Celebrate local arts and culture in Long Island City this month at the 8th Annual LIC Arts Open, a weeklong arts festival that was started by the event’s executive director Richard Mazda and sculptor and mosaicist, Karen Dimit in 2011.
In addition to seeing the art of hundreds of talented, local creators, LIC Arts Open attendees can also participate in several cultural activities and events, including music performances and a silent auction.
The kickoff to the festival begins on May 16 at the LIC Arts Open Spring Festival Launch Party and Group Exhibition, in partnership with the group Long Island City Artists. The celebration will be at 5-25 46th Ave. at the Plaxall Gallery in Long Island City.

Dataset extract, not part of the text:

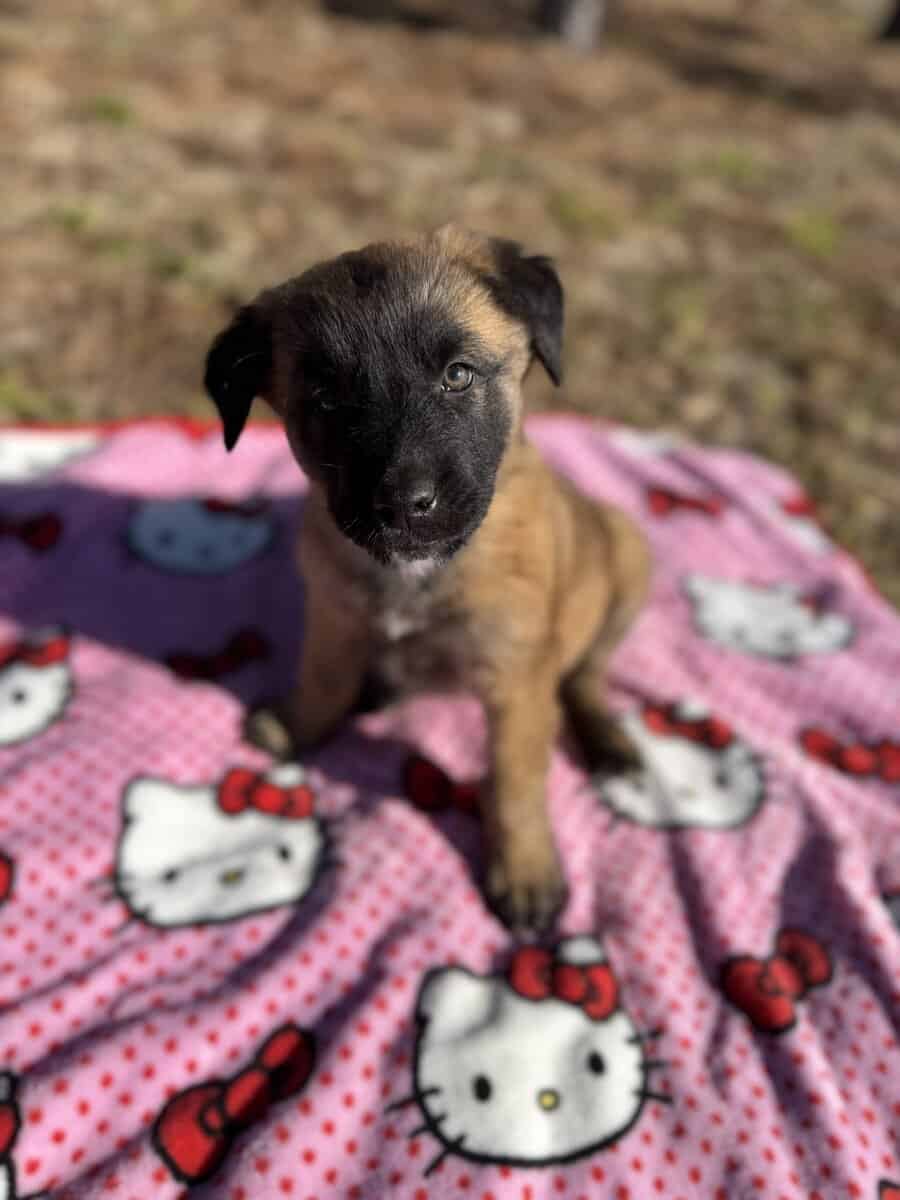 10 Anatolian Shepherd x Belgian Malinois Puppies image 2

On subsequent nights of the festival, other exhibitions and performances will take place at locations across Long Island City, all of which can be found in the LIC Arts Open 2018 online booklet.
In all, 80 artists will be showing their work during the launch party at Plaxall Gallery, including Theo Sahos, a local photographer who will be debuting two new art prints for LIC Arts Open attendees to enjoy. The prints, which are digitally manipulated depictions of Sahos’ original photography, show unknown subway musicians performing in train stations.
The first of the two works is called “Rush Hour,” which Sahos said is something “we all go through every day” while taking public transportation. The second print is called “Crazy Train,” named for the 1980 Ozzy Osbourne song from his debut album “Blizzard of Ozz.” Sahos said that the title of the song “fit the mood” of the moment he captured.
The native Astoria resident got into photography after he took photography classes in college and “was sold forever.” Since then, he has been a photographer for over 20 years, and regularly exhibits his work in galleries across Long Island City and Brooklyn. It is Sahos’ second year showing his photographs at the LIC Open Arts Festival.
Though the subjects of his photos vary, Sahos said that photographing musicians presents a bigger challenge than taking photos of things that are not moving. He added that it is interesting to try and capture the atmosphere and environment of musicians into a picture.
Sahos’ prints and the work of hundreds of other artists will be on view from May 16 to 20 from 6 to 10 p.m. The festival will also have Open Studio Days on May 19 and 20. During this time, a number of galleries around LIC will open their doors to the public from noon to 6 p.m. Tickets for this free event are on Eventbrite, and more information on the festival can be found on the LIC Arts Open website.